Britain's Labour Party, out of power since 2010, more or less cut its own throat when its members (plus fresh recruits who, instead of taking out membership, paid £3 to vote in the leadership election in 2015) chose Jeremy Corbyn, a formerly marginalized far left socialist, as the new head of the party. Ordinary Labour voters were horrified, knowing from day one that Corbyn could never lead the party to government and was not either remotely Prime Ministerial material. But vast numbers of young extreme left-wingers, flushed with victory and dedicated to an idealistic coming revolution and led by a new Corbyn-worshipping movement called Momentum, were determined to take traditional working- and middle-class voters in a direction that had little or no appeal to them at all.
From the outset, Labour was split almost down the centre. That divide proved dangerous for the political system in Britain, where government has been unevenly but broadly shared between the Tory and Labour parties in what was effectively a two-party arrangement. With the almost total collapse of the centrist Liberal Democrats, who had just been in an ill-judged coalition with the Tories in government from 2010 to 2014, Britain faced the possibility that the two-party system would founder after many decades, should Labour split and leave the country with three unbalanced parties and the real threat of a one-party state emerging, so long as neither Labour group remained unelectable.

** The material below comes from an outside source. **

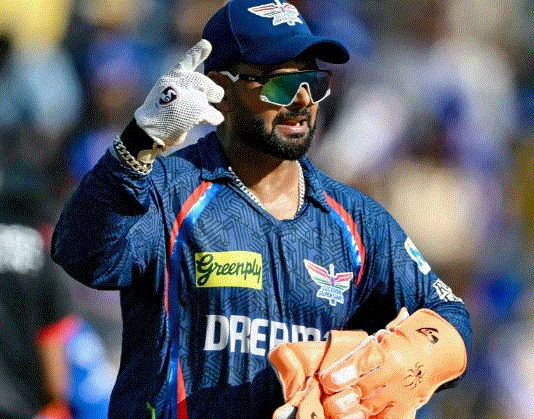 Photo of Rishabh Pant पर BCCI ने ठोका 24 लाख रुपये का जुर्माना, LSG की पूरी टीम भी नहीं बच पाई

That something has gone wrong within the Labour party is clear. After the referendum vote to leave the European Union, Corbyn came under severe pressure to resign as leader, and a battle ensued with loyal Corbynites both in and outside Momentum backing him to the hilt, but with the parliamentary Labour Party, made up of members of parliament, urging him to bow to the inevitable and go.
So great was the despair of the radicals that in the seven days up to July 1, another 60,000 people joined the party, apparently a large number of whom did so to back Corbyn's refusal to stand down. If he does not go, pundits predict, the party will split between hardline socialists (backed by most trades unions) and moderates. This split will create two parties out of one, with unguessable results for future elections and British governance in a period of political and economic insecurity following Brexit. A second leadership contest has opened, with Welsh candidate Owen Smith challenging Corbyn and supported by a majority of Labour MPs, but the polls predict another win for Corbyn and greater likelihood of a split.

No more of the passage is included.